▶ THE TASK
In the material below, the lines between the one holding "CALLE MEDIEVAL TARRAGONA" and the one holding "Toyota Auris, снимка", inclusive, are to be set down word for word. Pictures stay out.

▶ DATA
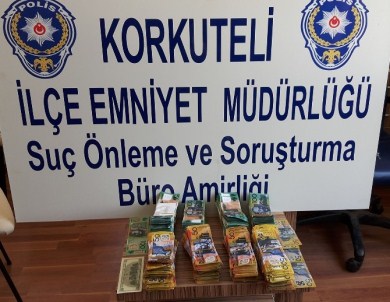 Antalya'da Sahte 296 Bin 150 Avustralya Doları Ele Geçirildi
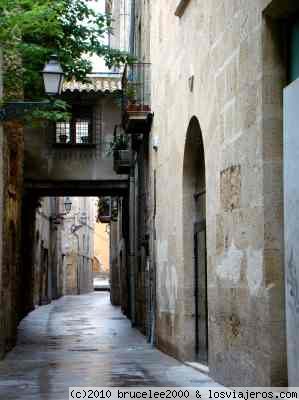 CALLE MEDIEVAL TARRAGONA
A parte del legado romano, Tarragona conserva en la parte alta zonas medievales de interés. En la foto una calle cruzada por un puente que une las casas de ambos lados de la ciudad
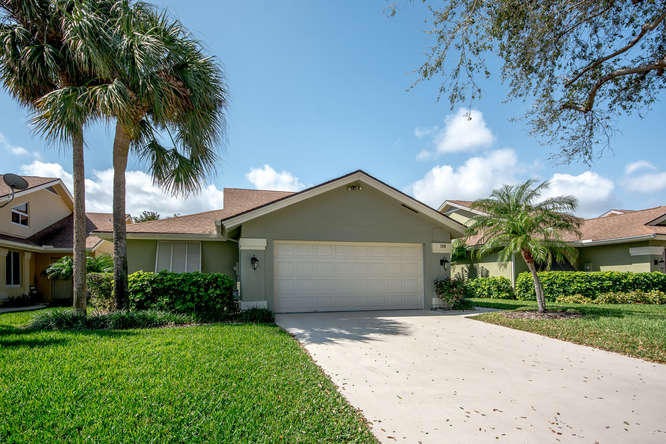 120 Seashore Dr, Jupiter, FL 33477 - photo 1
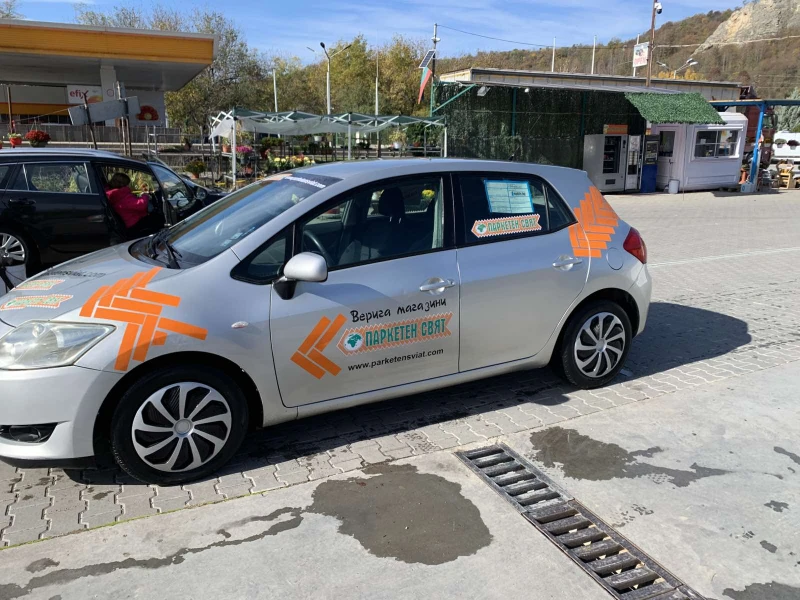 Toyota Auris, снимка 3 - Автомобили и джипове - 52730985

---

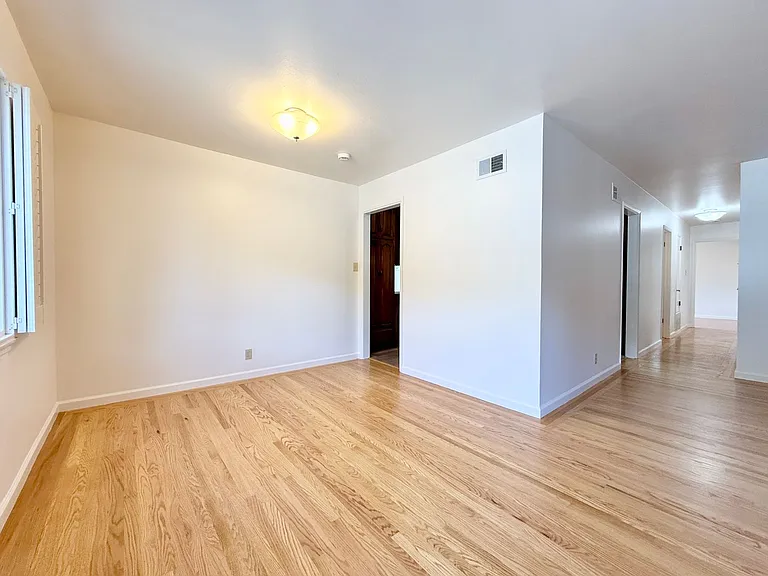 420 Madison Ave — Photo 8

▶ ANSWER AREA
 CALLE MEDIEVAL TARRAGONA
A parte del legado romano, Tarragona conserva en la parte alta zonas medievales de interés. En la foto una calle cruzada por un puente que une las casas de ambos lados de la ciudad
 120 Seashore Dr, Jupiter, FL 33477 - photo 1
 Toyota Auris, снимка 3 - Автомобили и джипове - 52730985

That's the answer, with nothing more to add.